DESCRIPTION OF THE TASK: Once the pictures are removed, output the remaining entries exactly as given.

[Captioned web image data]
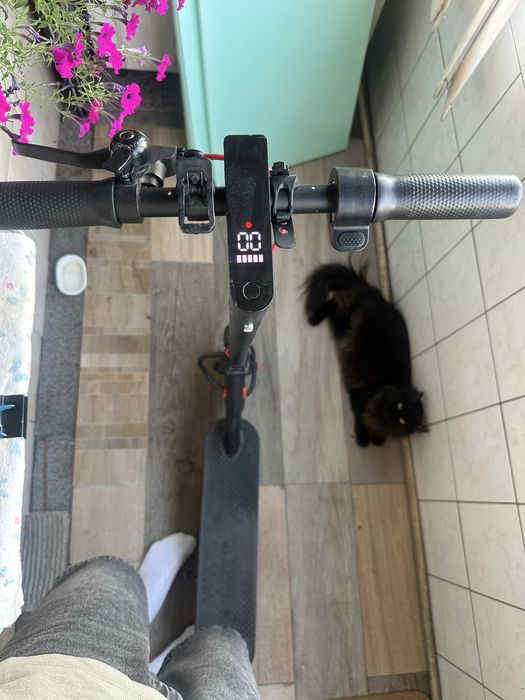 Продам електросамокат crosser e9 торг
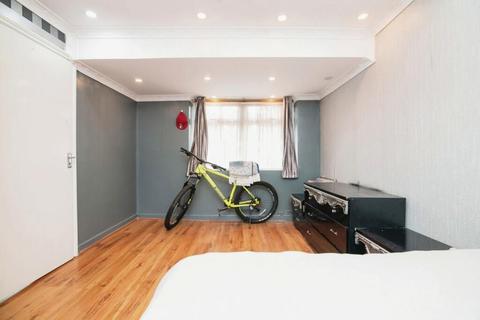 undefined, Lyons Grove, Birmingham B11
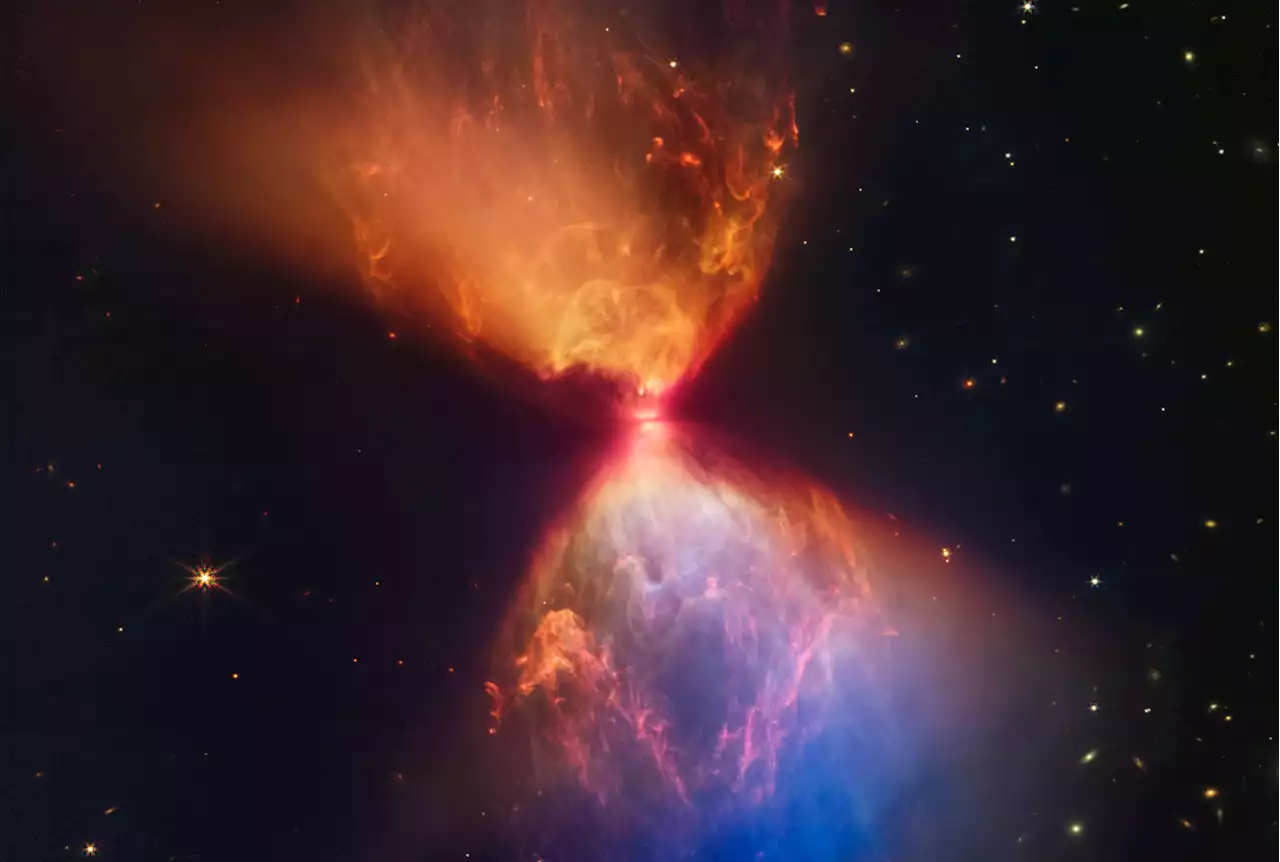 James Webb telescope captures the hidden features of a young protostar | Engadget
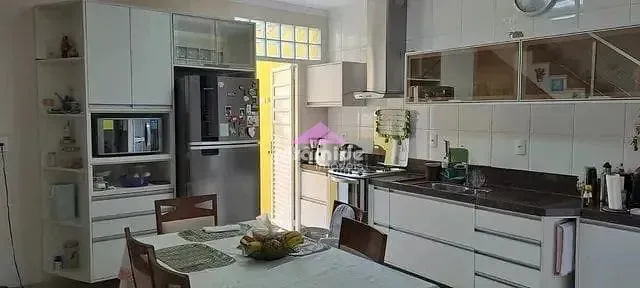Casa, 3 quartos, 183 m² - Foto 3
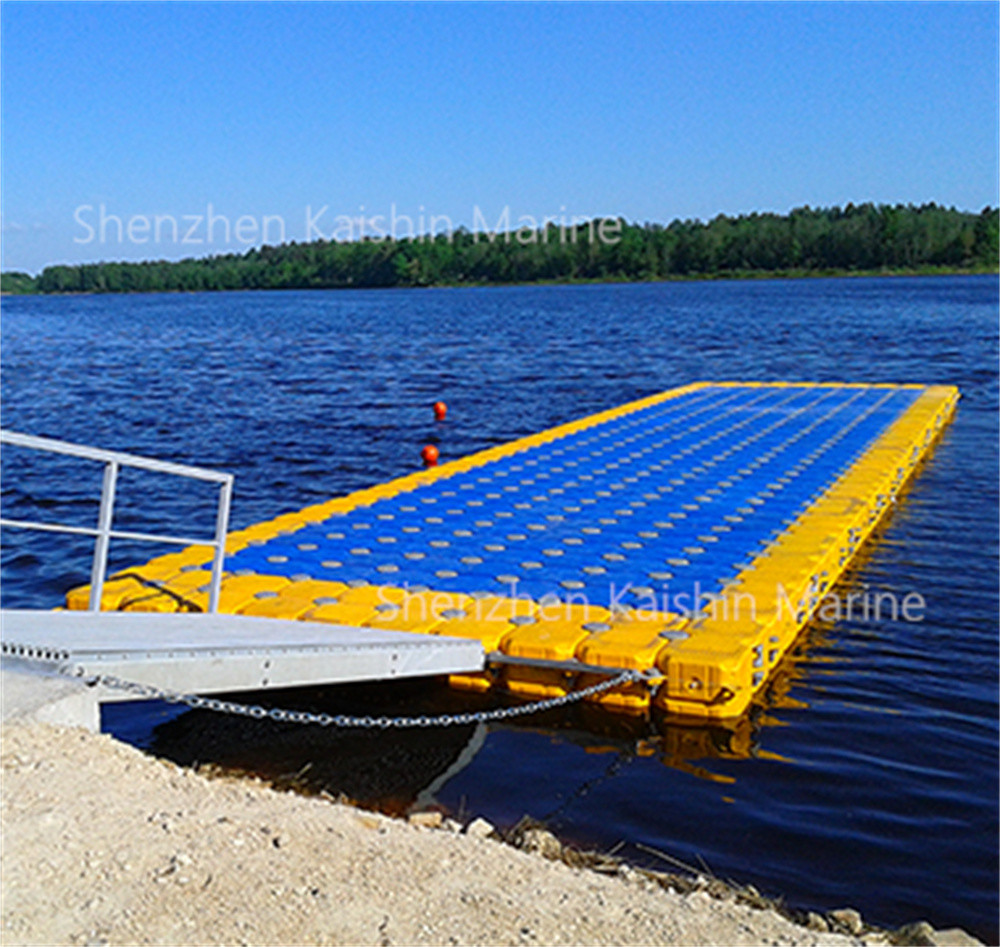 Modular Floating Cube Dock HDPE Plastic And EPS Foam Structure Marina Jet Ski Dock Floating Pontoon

RESULT FOR THIS TASK:
 Продам електросамокат crosser e9 торг
 undefined, Lyons Grove, Birmingham B11
 James Webb telescope captures the hidden features of a young protostar | Engadget
Casa, 3 quartos, 183 m² - Foto 3
 Modular Floating Cube Dock HDPE Plastic And EPS Foam Structure Marina Jet Ski Dock Floating Pontoon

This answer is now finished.